### [Your instructions]
Please repeat, exactly and without pictures, the lines of the entries below that run from the one containing "Rowley panelled suede loafers" through the one containing "Site of the".

Captioned web image data:
——————————

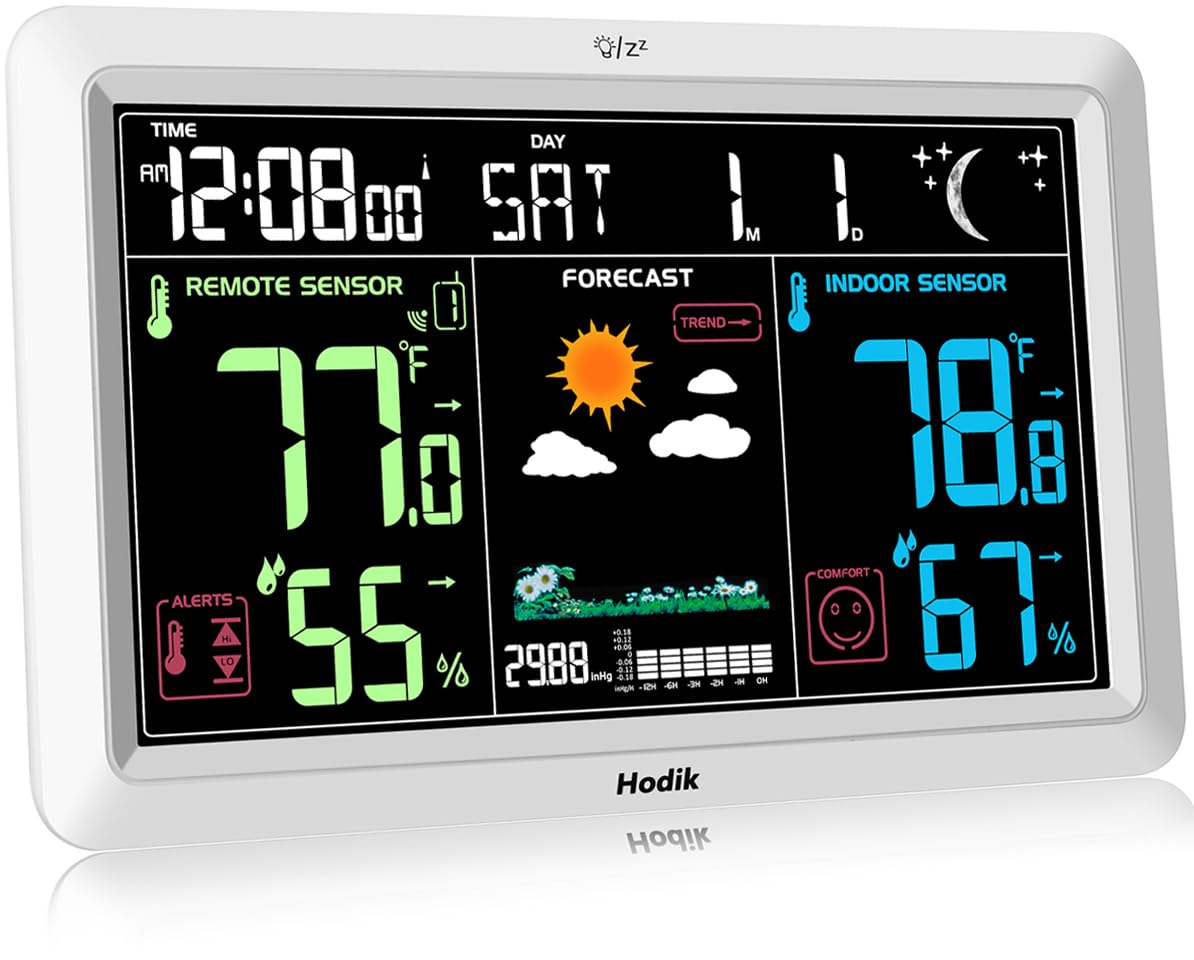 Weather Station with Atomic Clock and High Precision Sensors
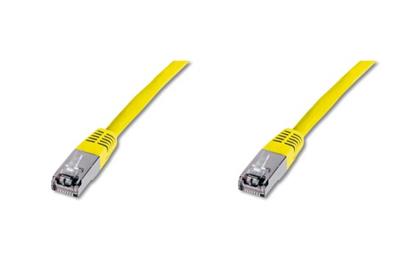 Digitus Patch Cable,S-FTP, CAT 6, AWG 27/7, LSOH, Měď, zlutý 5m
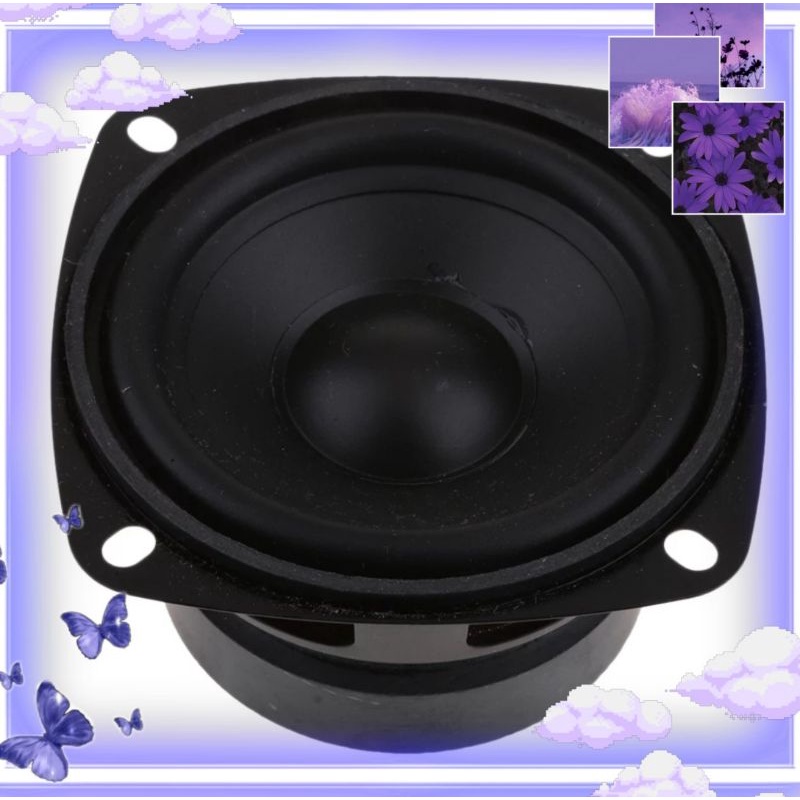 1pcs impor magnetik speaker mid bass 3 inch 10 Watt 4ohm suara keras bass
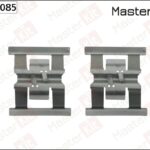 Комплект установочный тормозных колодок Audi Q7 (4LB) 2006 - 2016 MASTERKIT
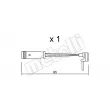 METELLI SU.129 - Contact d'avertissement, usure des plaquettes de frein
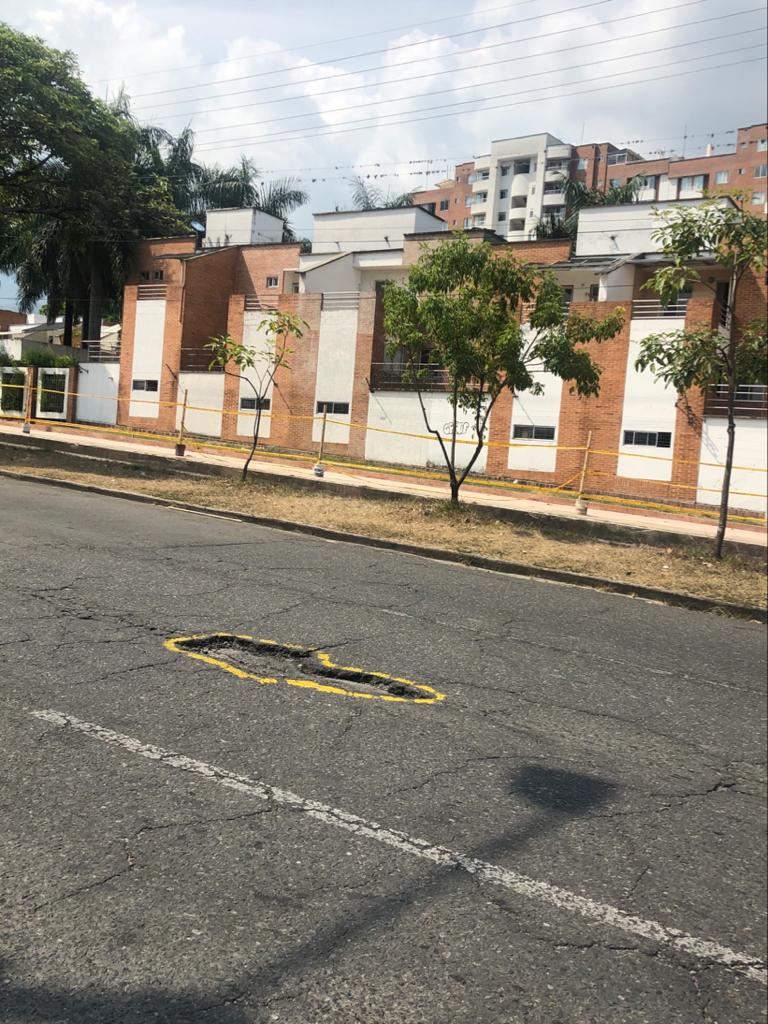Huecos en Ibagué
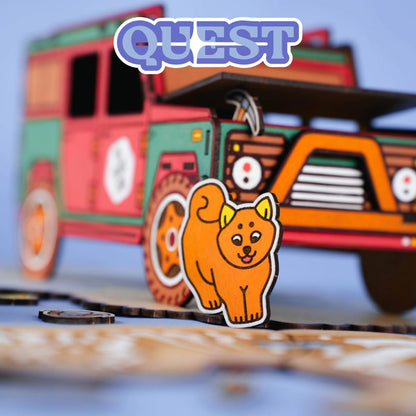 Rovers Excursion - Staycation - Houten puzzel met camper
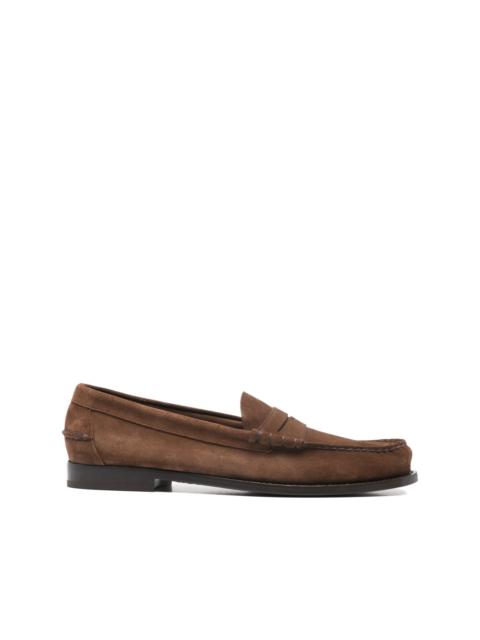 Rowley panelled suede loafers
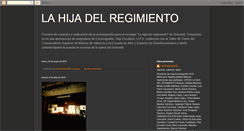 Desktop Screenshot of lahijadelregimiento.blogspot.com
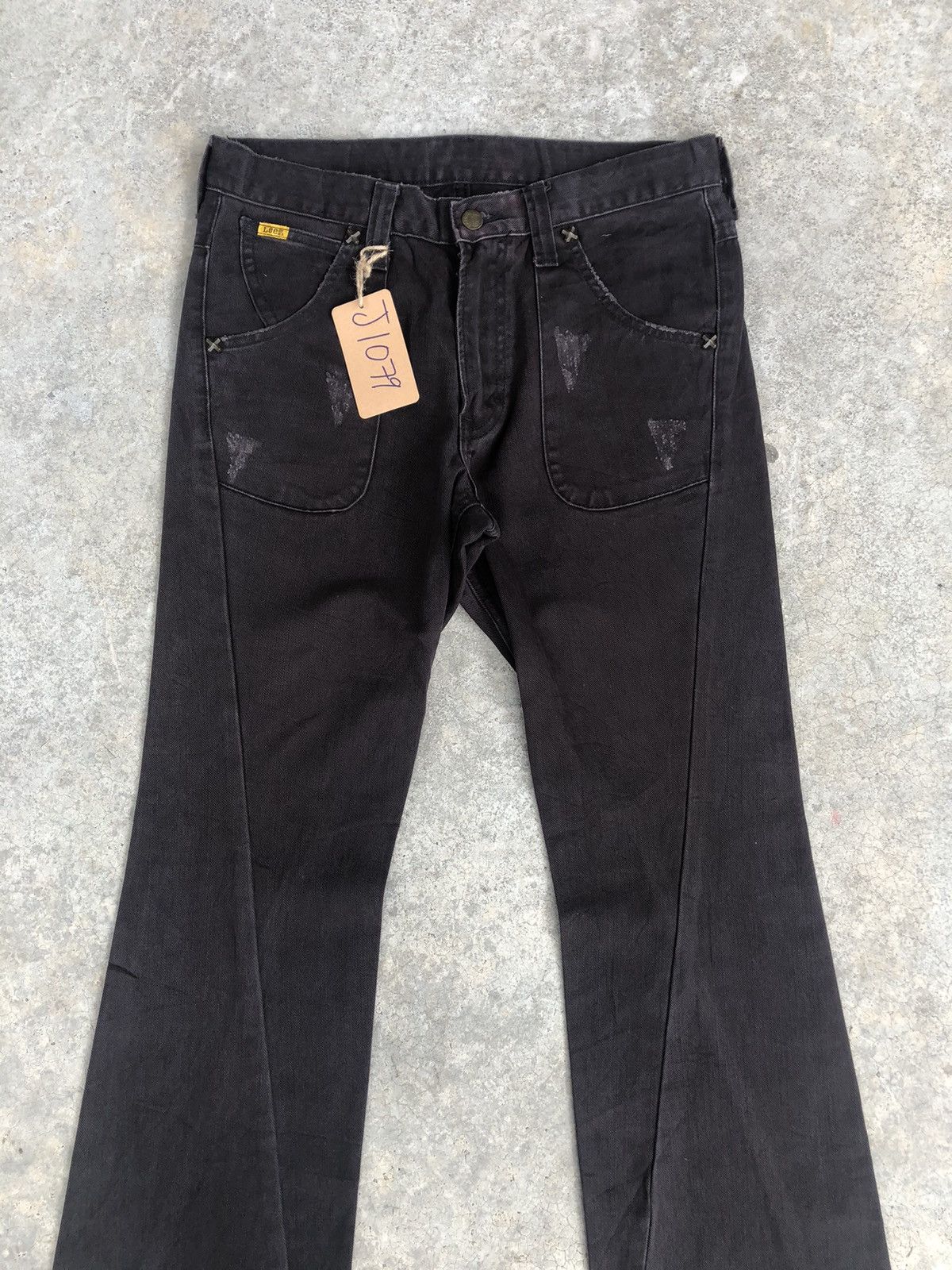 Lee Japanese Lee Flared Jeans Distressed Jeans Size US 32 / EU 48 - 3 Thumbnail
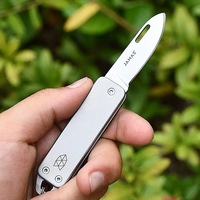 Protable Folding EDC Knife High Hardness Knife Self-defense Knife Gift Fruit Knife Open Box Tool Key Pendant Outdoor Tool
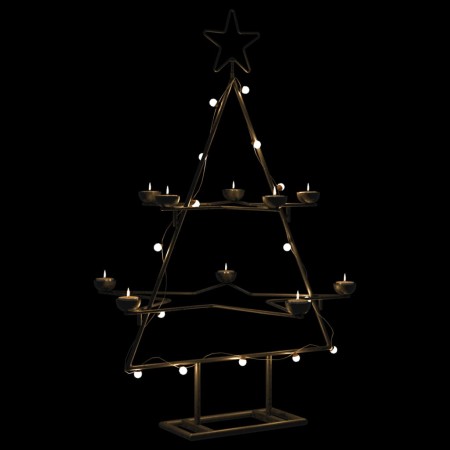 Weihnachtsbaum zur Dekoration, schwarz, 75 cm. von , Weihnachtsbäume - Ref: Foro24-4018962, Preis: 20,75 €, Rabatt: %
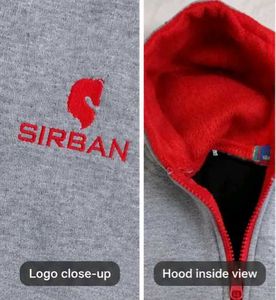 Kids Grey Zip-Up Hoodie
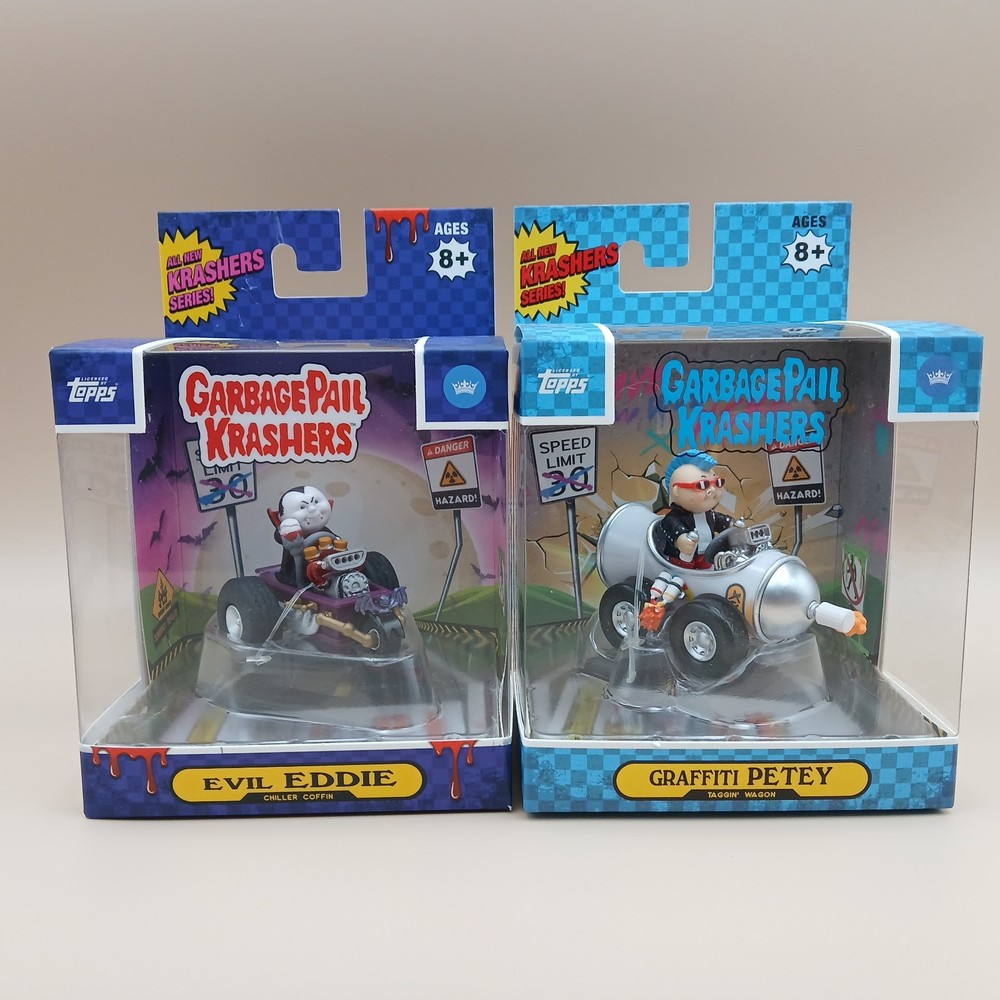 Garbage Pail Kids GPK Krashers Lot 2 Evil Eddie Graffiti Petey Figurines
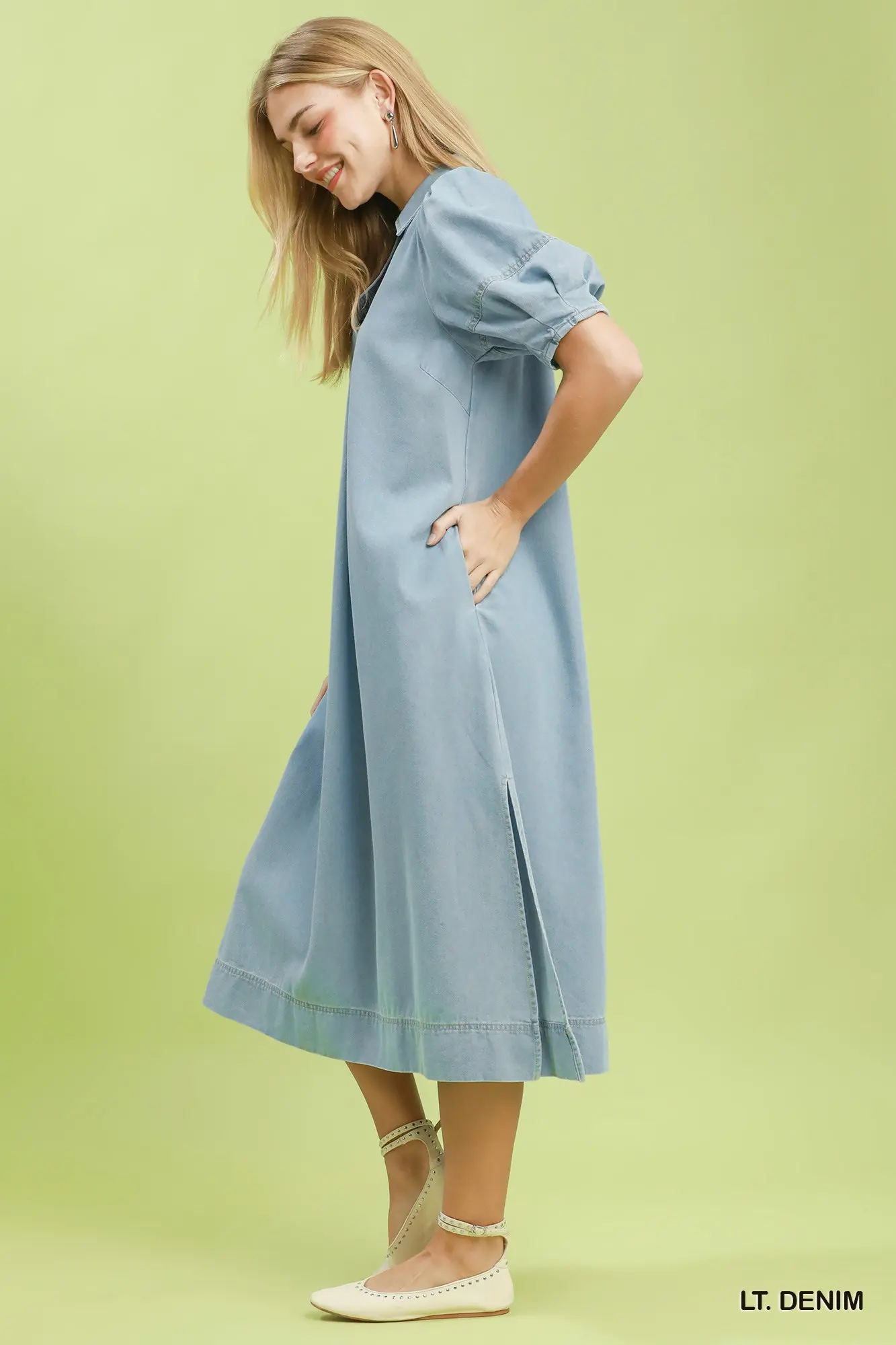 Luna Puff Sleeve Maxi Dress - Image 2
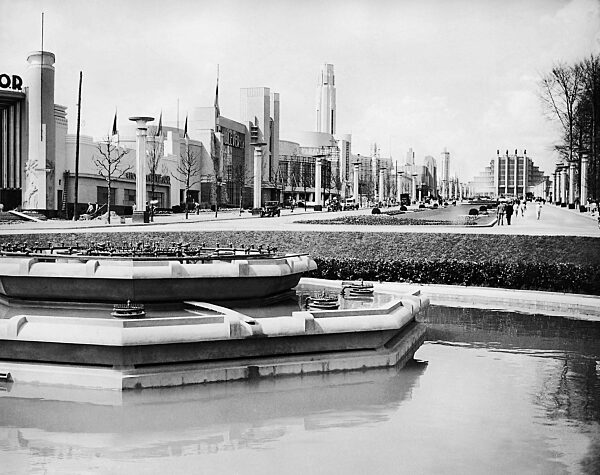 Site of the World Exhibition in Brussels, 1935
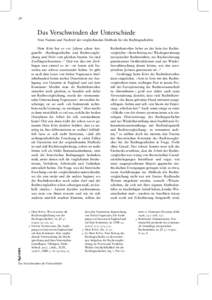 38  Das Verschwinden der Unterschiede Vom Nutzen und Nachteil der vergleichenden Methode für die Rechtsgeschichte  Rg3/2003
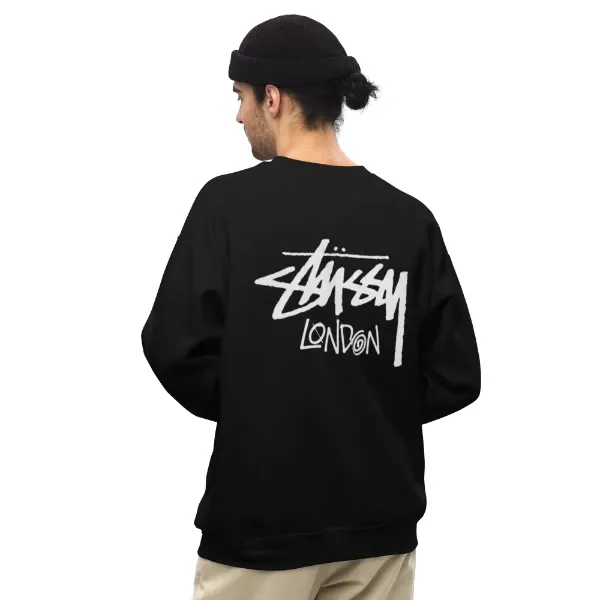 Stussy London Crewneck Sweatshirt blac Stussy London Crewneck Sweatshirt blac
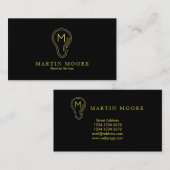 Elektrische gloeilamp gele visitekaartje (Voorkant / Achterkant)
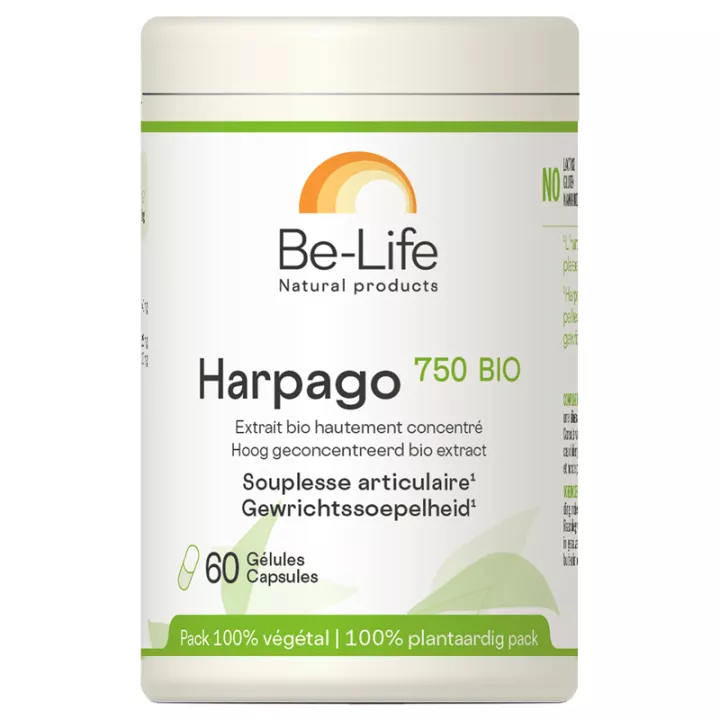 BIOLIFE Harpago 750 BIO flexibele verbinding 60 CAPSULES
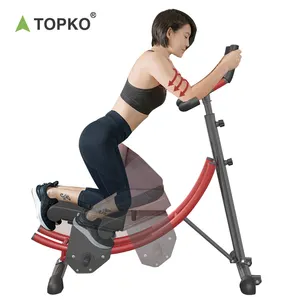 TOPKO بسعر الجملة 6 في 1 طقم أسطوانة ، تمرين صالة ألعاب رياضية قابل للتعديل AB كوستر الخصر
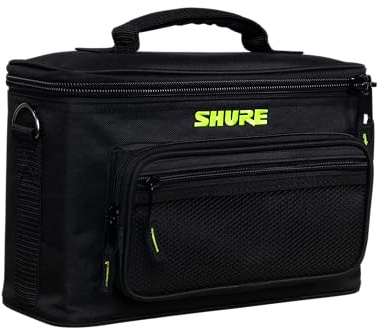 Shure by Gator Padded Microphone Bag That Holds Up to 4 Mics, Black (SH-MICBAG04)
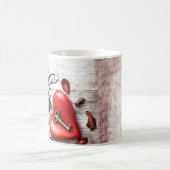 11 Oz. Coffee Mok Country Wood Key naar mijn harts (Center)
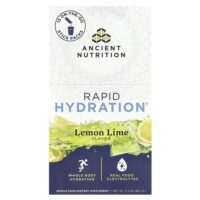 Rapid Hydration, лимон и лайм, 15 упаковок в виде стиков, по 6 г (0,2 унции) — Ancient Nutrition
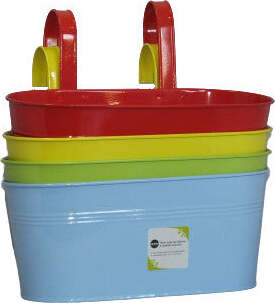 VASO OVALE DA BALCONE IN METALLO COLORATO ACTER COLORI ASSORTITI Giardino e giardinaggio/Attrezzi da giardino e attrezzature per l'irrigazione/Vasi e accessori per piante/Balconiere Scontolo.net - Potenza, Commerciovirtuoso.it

——————————

### [Reply to the exercise]
 Rowley panelled suede loafers
 Desktop Screenshot of lahijadelregimiento.blogspot.com
 Lee Japanese Lee Flared Jeans Distressed Jeans Size US 32 / EU 48 - 3 Thumbnail
 Protable Folding EDC Knife High Hardness Knife Self-defense Knife Gift Fruit Knife Open Box Tool Key Pendant Outdoor Tool
 Weihnachtsbaum zur Dekoration, schwarz, 75 cm. von , Weihnachtsbäume - Ref: Foro24-4018962, Preis: 20,75 €, Rabatt: %
 Kids Grey Zip-Up Hoodie
 Garbage Pail Kids GPK Krashers Lot 2 Evil Eddie Graffiti Petey Figurines
 Luna Puff Sleeve Maxi Dress - Image 2
 Site of the World Exhibition in Brussels, 1935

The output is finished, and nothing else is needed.